## Required action
Where the data below begins, start retyping exactly, and end on the line with "Piso en Avenida", which is included; no picture goes in.

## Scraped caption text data
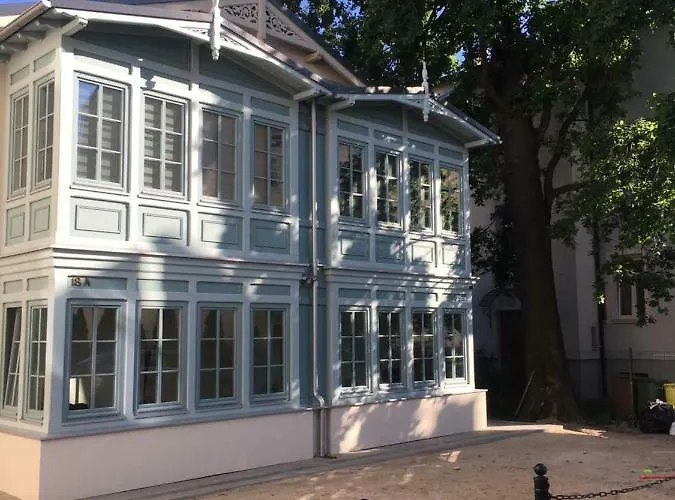 Pearl Of * 소포트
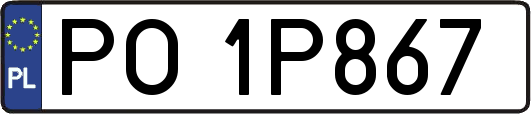 PO1P867
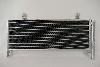 A/C Condenser OSC 3996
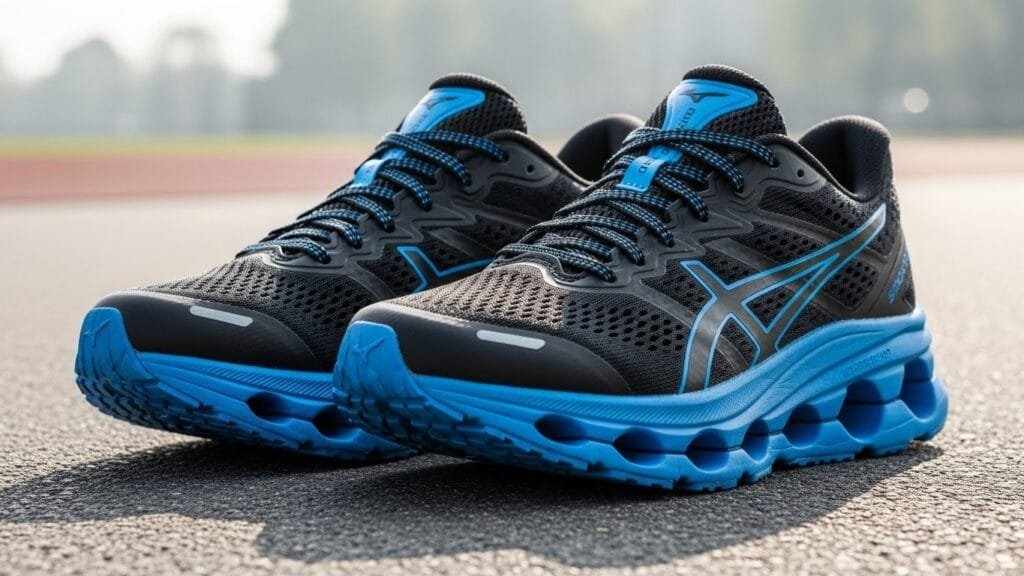 Considerações Finais na compra do Melhor Tênis para Corrida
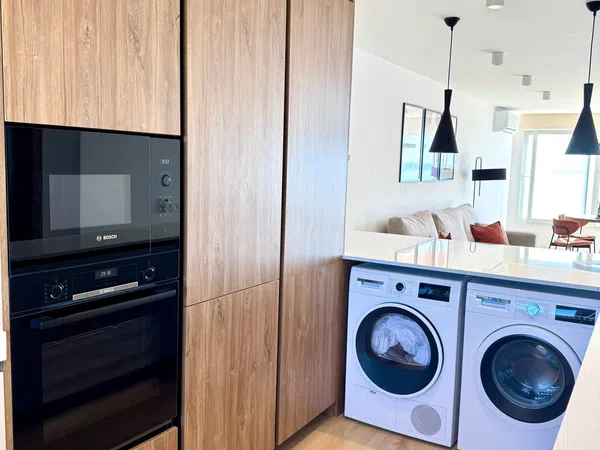 Piso en Avenida de la Costa Blanca, 22, Cabo de las Huertas, Alicante / Alacant - Foto 19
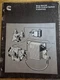 Cummins PACE Control System Preliminary Shop Manual   3810319-00   1987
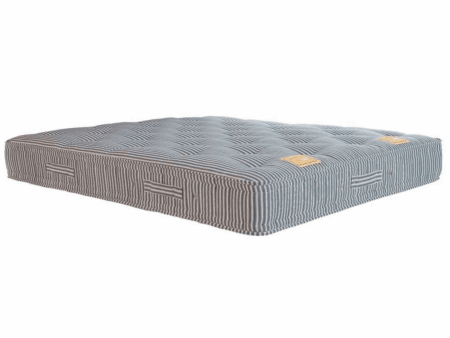 PEYTON Mattress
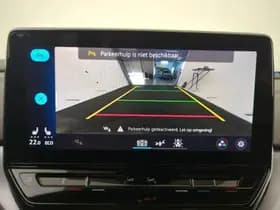 Volkswagen ID.4 thumbnail 6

## Result for this task
 Pearl Of * 소포트
 PO1P867
 A/C Condenser OSC 3996
 Considerações Finais na compra do Melhor Tênis para Corrida
 Piso en Avenida de la Costa Blanca, 22, Cabo de las Huertas, Alicante / Alacant - Foto 19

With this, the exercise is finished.